Amazon'da 2016’da çalışmaya başlayan Mustafa Ömer ise 2017'de ayrılıp 2018'de işe geri döndü ve son üç yıldır orada çalışıyor. Depoda yük taşıdığı için sırtında ciddi yaralanmalar olduğunu söylüyor. Ömer kasımda depoda ağır kutulardan birini taşırken paletin üzerine düşerek yaralandı. Amcare kliniğine gidebilmek için üst düzey bir yöneticinin onayını bekledi ve yöneticiden kendisine yardımcı olmasını istediğinde başının belada olduğunu hissettiğini söyledi: “O anda 'Aman Tanrım, sakatlandım ve işimi kaybedebilirim' diye düşündüm. Evimin geçimini ben sağladığım için endişeye kapıldım. Ailemi, hamile eşimi, çocuklarımı, ödemem gereken tüm faturaları düşündüm. Çünkü yaralandığımda başı belaya giren kişinin ben olduğum korkusunu aşılamışlar."

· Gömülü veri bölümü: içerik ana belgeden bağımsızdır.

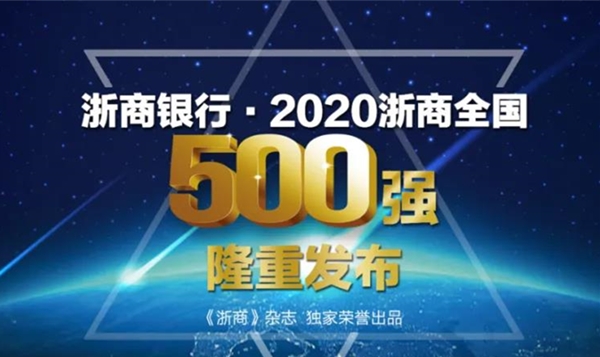 万泰控股集团荣登“2020浙商全国500强”榜单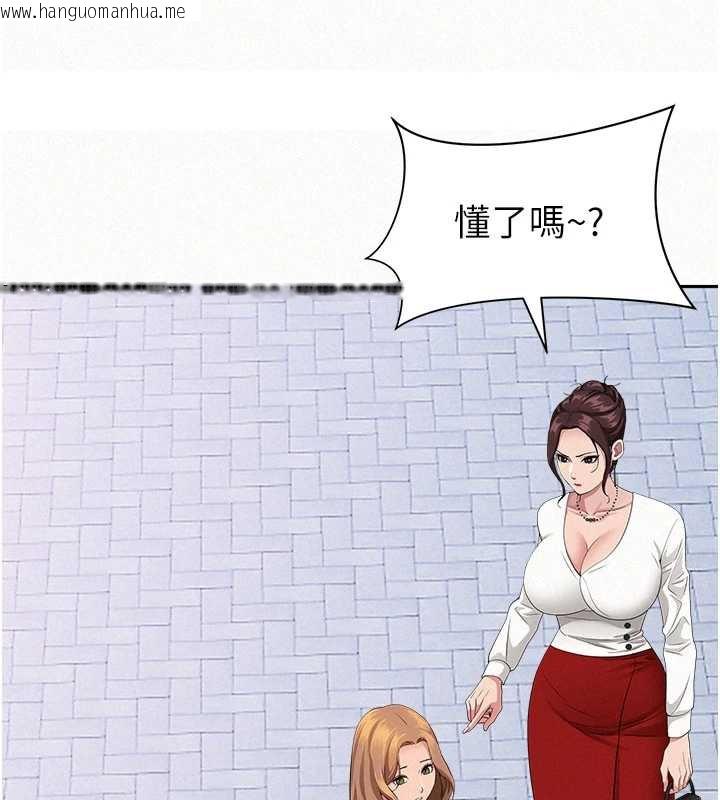 韩国漫画罪爱人妻韩漫_罪爱人妻-第9话-巨乳上司的隐密提议在线免费阅读-韩国漫画-第27张图片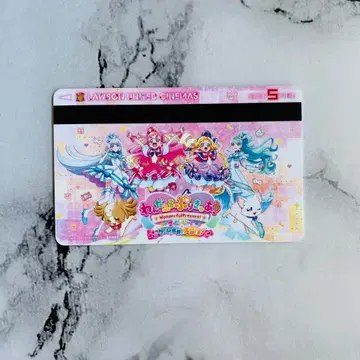 원더풀 프리큐어 완프리 클럽 스파이스 카드 유나이티드 시네마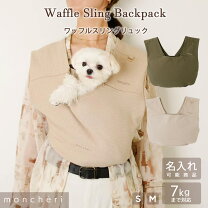 楽天市場】2kg（適正犬種チワワ）（スリング｜キャリーバッグ・カート 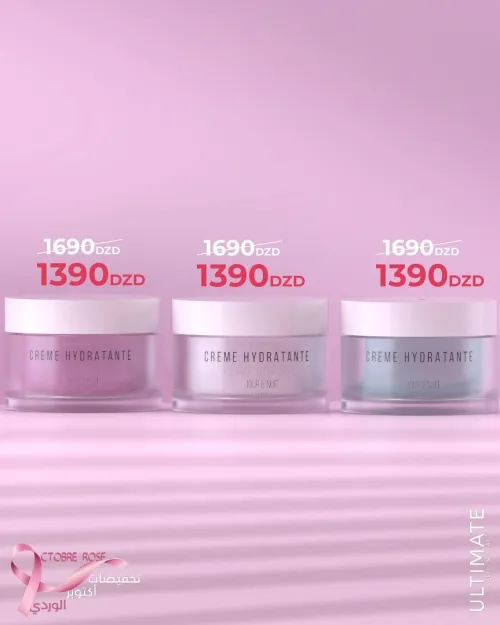 Beaux Parfums & produits Cosmétiques 
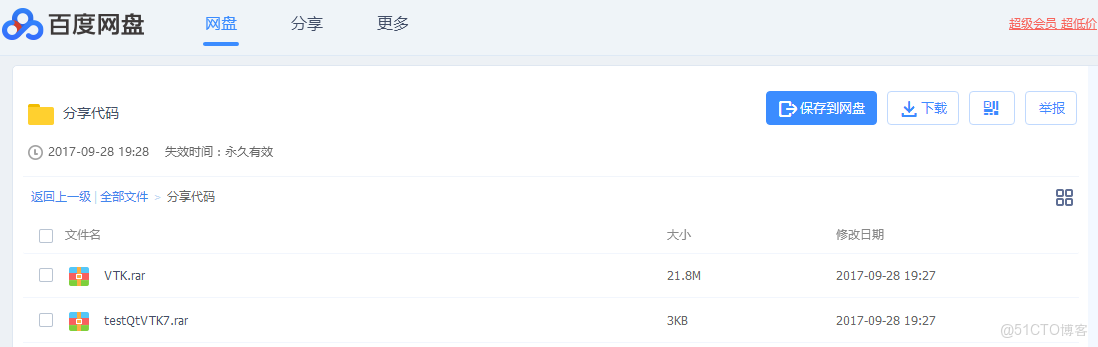 windows qt uvc xu 擴展協議demo_下載地址_05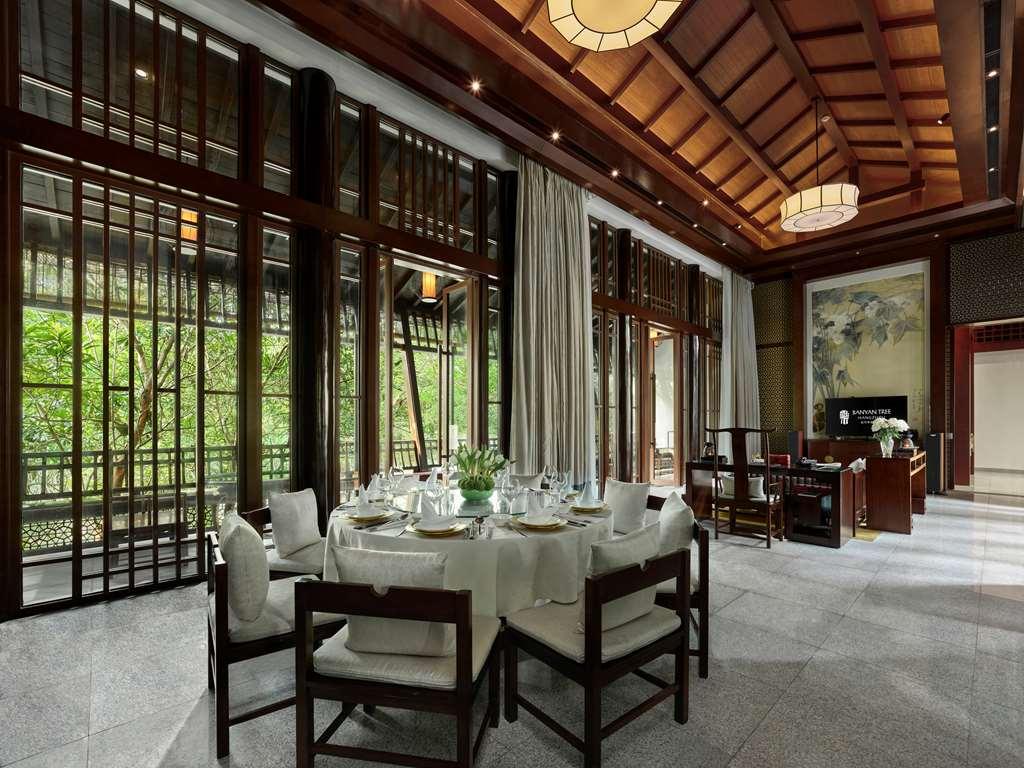 Banyan Tree هانجتشو الغرفة الصورة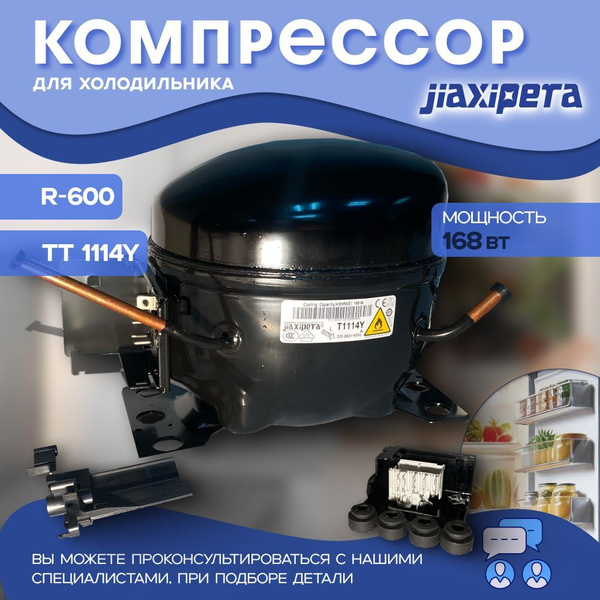Компрессор холодильника T1114Y Jiaxipera- (R-600 -23,3 С 168Вт) купить ...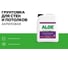 Грунт акриловый для стен и потолков ALOE 5 л 008551 2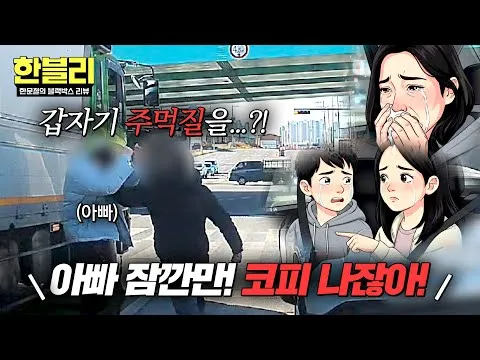 《韩文哲的行车记录仪点评》警示恐吓式驾驶的危险性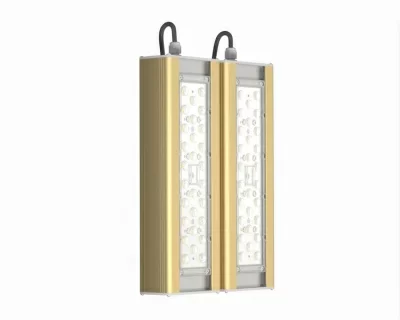 Прожектор GOLD, консоль K-2, 250 Вт, 60° в 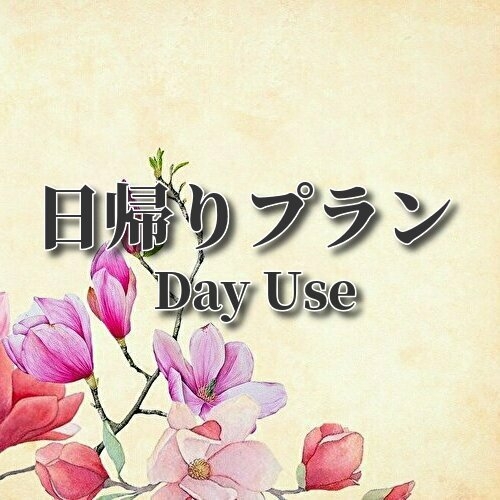 ◆【13:00〜21:00の最大8時間利用可能】日帰りデイユースプラン◆京急蒲田駅近便利◆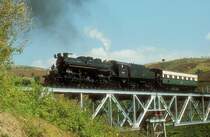 CC50 12  Lebaktjero  30.09.80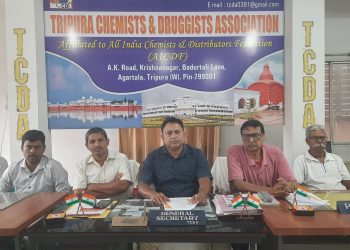 কিছু গুরুত্বপূর্ণ বিষয় নিয়ে সাংবাদিক সম্মেলনে মিলিত হয় কেমিস্ট এন্ড ড্রাগিস্ট এসোসিয়েশন।।।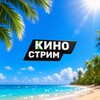 Логотип телеграм канала @kino_stream_live — КИНО СТРИМ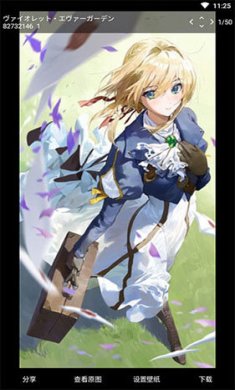 68db3282-48cd-4ad5-98b8-bd18ddb3df1e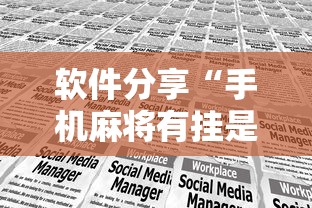 软件分享“手机麻将有挂是真的吗社区论坛”掌握辅助功能必胜规则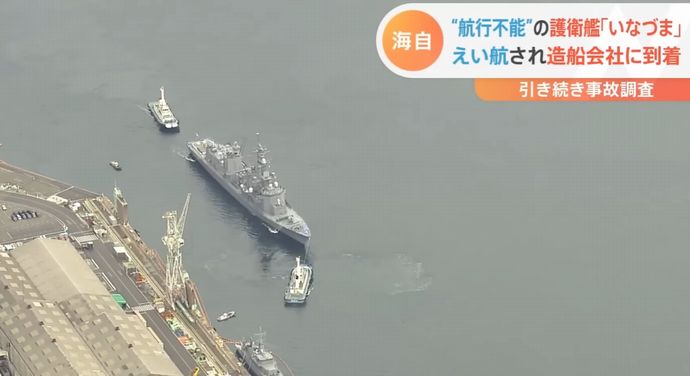 海上幕僚長「事故原因が艦の運航面にあった可能性高い」…護衛艦いなづま座礁で！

Ömer, tedavi ücretlerinin karşılanması için Amazon’a bağlı kliniğin doktorlarının raporlarını bekledi ve halen tazminat talebi onaylanmadı: "Bugün hâlâ acı çekiyorum. İnsanlar yaralandığında onlara insan gibi davranılmalı ve ilgilenilmeli" dedi.

52 yaşındaki Natalie Monarrez, yaklaşık dört yıldır Amazon'un New York'a bağlı Staten Island bölgesindeki deposunda çalışıyor. Pandemiyle birlikte haftada beş ila altı gün, 12 saatlik vardiyalarda çok fazla mesai yaparak çalıştı ve bu dönemde otomobilinde yaşadı. Çünkü pandeminin ilk aylarında birçok işçi gibi ücretsiz izne ayrılmak zorunda bırakıldı.

Uzun çalışma saatlerinin vücuduna ciddi zararlar verdiğini söyleyen Monarrez, “Oturmamıza izin verilmiyor ve tüm bu süre boyunca ağır paketleri kaldırıyordum. Ancak daha fazla dayanamadım" dedi.

Dava açtığını belirten Monarrez, haftada yaklaşık 400 dolar olan tazminatın normal haftalık kazancından daha düşük olduğu için işe dönmek zorunda kaldığını söyledi ve "Amazon için çalışmadan önce hiçbir sağlık sorunu yaşamamıştım" dedi.

KORKU İKLİMİ YARATTI

İşçi sağlığı ve iş güvenliği davalarıyla ilgilenen Ulusal İş Hukuku Projesi yöneticilerinden Debbie Berkowitz, Amazon işçilerinin yüksek yaralanma oranlarının hızlı çalışma temposunun sonucu olduğunu söyledi. Berkowitz, Amazon'un işçiler arasında bir korku iklimi yarattığını ifade etti: "Amazon, işçilerin mesaide aşırı bir hızla çalıştırıldığı gerçeğini gözardı etti."